In Chile, a private investigator hires an 83-year-old man to go undercover at a nursing home and spy on its staff and residents for signs of elder abuse. In violence-ridden Guatemala, a young boy is forced by his drug-trafficking stepfather to swallow heroin capsules.
And in post-revolutionary Portugal, a scandalous romance blossoms between a future prime minister and the married Danish woman he loves.
These, and many more compelling story lines, are behind a group of 10 outstanding Spanish- and Portuguese-language films to be shown online this month, courtesy of the DC-based Ibero-American Cultural Attachés Association (AACIA).
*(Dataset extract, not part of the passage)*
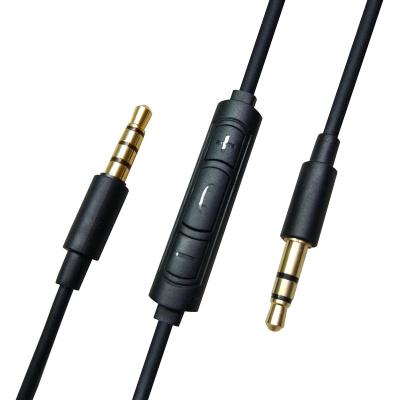 China Volume + Good Quality Wire Controlled Transfer Cable 3.5mm Earphone Audio Cable With Microphone for sale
All movies will be subtitled in English and viewable for free via AACIA’s Facebook page. The March 8-21 “Ibero-American Film Showcase: Female Perspectives” is co-sponsored by The Washington Diplomat and New York-based Cinema Tropical.
The group, which has been around since 1972, became a registered (501)(c)(3) nonprofit organization in the early 1990s. Its members are the Washington-based cultural attachés at the embassies of Spain, Portugal and 15 Latin American nations.
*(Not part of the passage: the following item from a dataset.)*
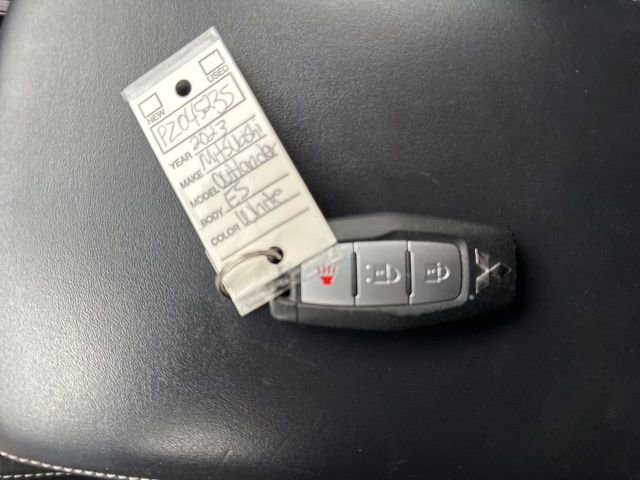 Used 2023 Mitsubishi Outlander ES AWD/4WD image 44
In normal times, the group does three events annually—a film festival, an art exhibit and a gala dinner—said Sebastián Di Luca, head of cultural and public diplomacy at the Argentine Embassy. Films are generally screened at the Mexican Cultural Institute or at larger Latin American embassies with auditoriums suitable for accommodating large audiences.
“Last year, because of COVID-19 we instead did a short film festival online that was very successful,” Di Luca said. “We’re not particularly focused on the Hispanic community in DC. We’re more interested in showcasing the culture of Ibero-American countries to the DC audience at large.”
Silvia Dangond, cultural attaché at the Colombian Embassy and president of AACIA, said this year’s crop of movies will be available on March 8, which is also International Women’s Day.
All the selected films were directed by women, feature prominent actresses or portray women in leading roles.
For example, the Chilean movie, El Agente Topo (The Mole Agent), was directed by Maite Alberdi. It was screened at the 2020 Sundance Film Festival in the World Cinema Documentary Competition and selected as Chile’s entry for Best International Feature Film at the 93rd Academy Awards.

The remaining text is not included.